I’m old enough to remember the Goon Show, and in the celebrated episode where they robbed the Bank of England, the getaway car had a radiator painted on the back “so everyone will think we are going the other way”.
We have many such tricks in climate policy, things that appear to mean one thing but actually mean another. Last month, we touched on the seriously flawed, innocuous-sounding “no additional warming” policy on methane emissions.
Another classic is “justifying” expanding urban arterials to ease congestion. Screeds have been written on “induced demand” and how expanded highways attract more cars until they too clog up, but on a grander scale (generally within four years of a road’s opening). A notorious classic is Houston’s Katy Freeway, peaking at 26 lanes but still snarling up.
And it’s not just this government. Labour’s energy minister Megan Woods waxed lyrical about how well we could decarbonise electricity because it was already largely renewable. It’s like telling someone living on bean sprouts and walnuts they could easily lose weight by changing their diet.
But back to now.
By slamming banks for restricting lending to fossil fuel industries, Prime Minister Christopher Luxon and colleagues fly in the face of international thinking. In the Net-Zero Banking Alliance, 140 banks with US$49 trillion in assets (200 x New Zealand’s GDP, folks) committed to “transition the operational and attributable greenhouse gas (GHG) emissions from their lending and investment portfolios…” and 2030 targets “focus on priority sectors where the bank can have the most significant impact, ie, the most GHG-intensive sectors …”

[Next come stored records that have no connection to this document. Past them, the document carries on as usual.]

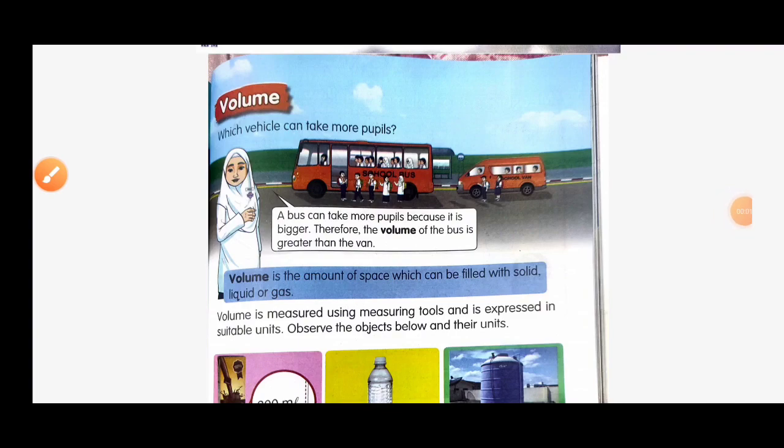Assalamualaikum, hi everyone. Let's continue our lesson for new subtopic: Volume, for Unit 6 Measurement, for Science Year 3.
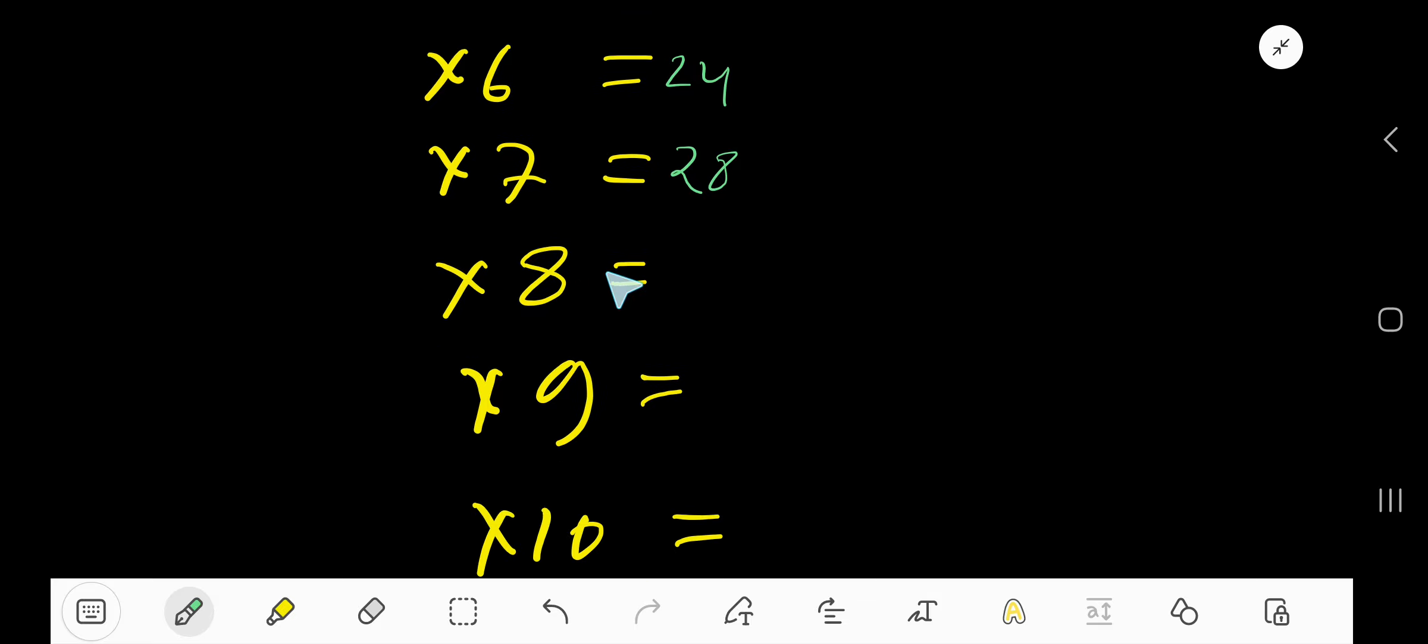Then 4 times 8, just add 4 with the previous step, 32.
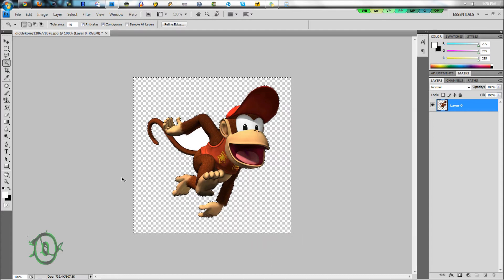To deselect that, press Control+D. And if you want to delete this area as well, just click that, press Delete, and Control+D.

Add in actuaries (professional risk managers) cautioning on “planetary insolvency” due to climate impacts, and we have to wonder why political leaders who claim to champion freedom are intent on disempowering banking, increasing its risks and worsening the climate emergency in the process.

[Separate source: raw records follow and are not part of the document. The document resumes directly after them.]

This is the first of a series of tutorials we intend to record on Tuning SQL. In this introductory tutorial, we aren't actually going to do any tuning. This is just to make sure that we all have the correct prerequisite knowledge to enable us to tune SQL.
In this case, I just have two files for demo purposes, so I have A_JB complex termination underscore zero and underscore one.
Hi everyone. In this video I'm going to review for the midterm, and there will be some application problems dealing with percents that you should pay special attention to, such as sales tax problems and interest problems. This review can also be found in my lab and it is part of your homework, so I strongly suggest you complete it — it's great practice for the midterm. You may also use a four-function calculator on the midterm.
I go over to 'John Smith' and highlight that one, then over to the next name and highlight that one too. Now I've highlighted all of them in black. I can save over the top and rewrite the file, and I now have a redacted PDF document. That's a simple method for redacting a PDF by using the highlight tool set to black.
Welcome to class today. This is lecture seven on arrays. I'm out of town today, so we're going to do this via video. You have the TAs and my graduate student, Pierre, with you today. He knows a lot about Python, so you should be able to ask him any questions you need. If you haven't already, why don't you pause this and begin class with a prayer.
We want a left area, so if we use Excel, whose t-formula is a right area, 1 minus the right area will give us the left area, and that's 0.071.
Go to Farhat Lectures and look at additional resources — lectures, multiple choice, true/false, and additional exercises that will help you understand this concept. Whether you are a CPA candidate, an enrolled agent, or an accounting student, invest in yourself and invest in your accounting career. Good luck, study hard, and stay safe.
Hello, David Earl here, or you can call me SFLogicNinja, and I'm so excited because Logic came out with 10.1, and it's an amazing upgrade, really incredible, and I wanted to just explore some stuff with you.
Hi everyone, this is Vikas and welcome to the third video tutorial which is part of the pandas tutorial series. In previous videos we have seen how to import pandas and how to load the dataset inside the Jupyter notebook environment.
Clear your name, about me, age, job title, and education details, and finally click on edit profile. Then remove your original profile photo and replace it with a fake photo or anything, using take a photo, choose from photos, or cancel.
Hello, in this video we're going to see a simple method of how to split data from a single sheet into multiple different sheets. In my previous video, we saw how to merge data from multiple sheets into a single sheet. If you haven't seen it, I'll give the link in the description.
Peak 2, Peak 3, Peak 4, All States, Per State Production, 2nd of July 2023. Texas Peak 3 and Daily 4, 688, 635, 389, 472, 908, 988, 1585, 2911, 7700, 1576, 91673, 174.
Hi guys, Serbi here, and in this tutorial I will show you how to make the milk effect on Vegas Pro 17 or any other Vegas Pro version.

An old chestnut is that climate initiatives aren’t cost-effective. While some strategies are certainly dearer than others per tonne of carbon saved, by far the greatest cost is the cost of inaction. Business-as-usual is anything but free. Plus, “not cost-effective” statements rarely mention the time frame being considered, inviting an assumed default of a year or three.

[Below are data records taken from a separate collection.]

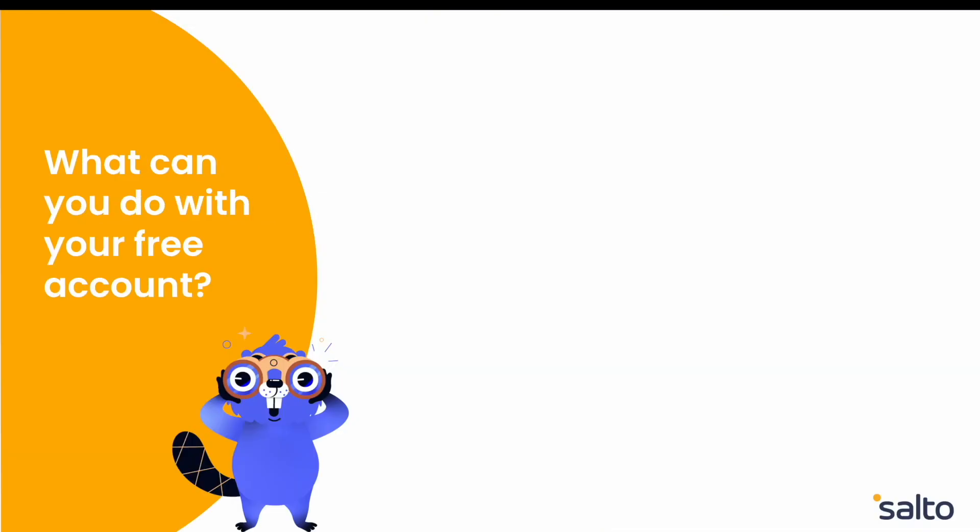With Salto's free account you can perform a few valuable operations across your business applications such as Salesforce, Zendesk, NetSuite and many more. Let's go through them.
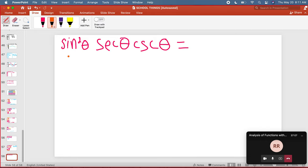Change everything that's not a sine and cosine into a sine and cosine. So I'm going to leave sine.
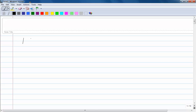Let's take a look at y equals 4 sine of 2 pi x plus 3. I know for sure that this has a phase shift because you are evaluating the sine of something and you got stuff in parentheses — it's not just the x. You got x plus something in the parentheses, so that tells you this has a phase shift.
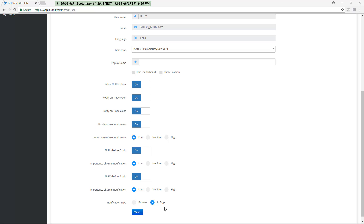We also have Notification Type. There are a lot of devices out there and they all handle notifications in different ways, so we use two separate technologies. In Page, which is the default, means notifications will appear within the Journalytics site — you have to have one of the webpages open to see it, which is fine for most people as they have the daily overview open for the news anyway. Browser Notification uses browser and operating system level notifications, so you'll see those even when you don't have one of our pages open. They work differently on different operating systems, so you can try both and opt for the ones that work best on your device. If you're not sure, just use In Page.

What’s needed is seriously long-term thinking, and then the payback looks very different. Experts consistently advise just 2% of GDP invested well could avert climate catastrophe. By comparison, Cyclone Gabrielle alone cost almost 4% of GDP (US$9.2 billion of US$252 billion).
I could go on, but the real question is: What lesson might we draw?
Of the above examples (methane, transport, energy, banking and cost-effectiveness), officialdom misrepresented well-known facts on the first three to suit ideology. Banking offers more excuse for ministerial ignorance, but when collective badmouthing by Messrs Luxon, Peters, Seymour and Jones contradicts international wisdom, it’s a stretch to grant them collective lenience. And while the costs of climate actions are less clear cut, there are well-founded reports from financial experts like the giant Boston Consulting Group that show climate investments pay well.
When ignorance of the facts seems the kindest thing we can say about ministers of all colours, it looks like our whole political system badly needs a shake-up. Meanwhile, let’s get painting those radiators on the backs of ministerial limos.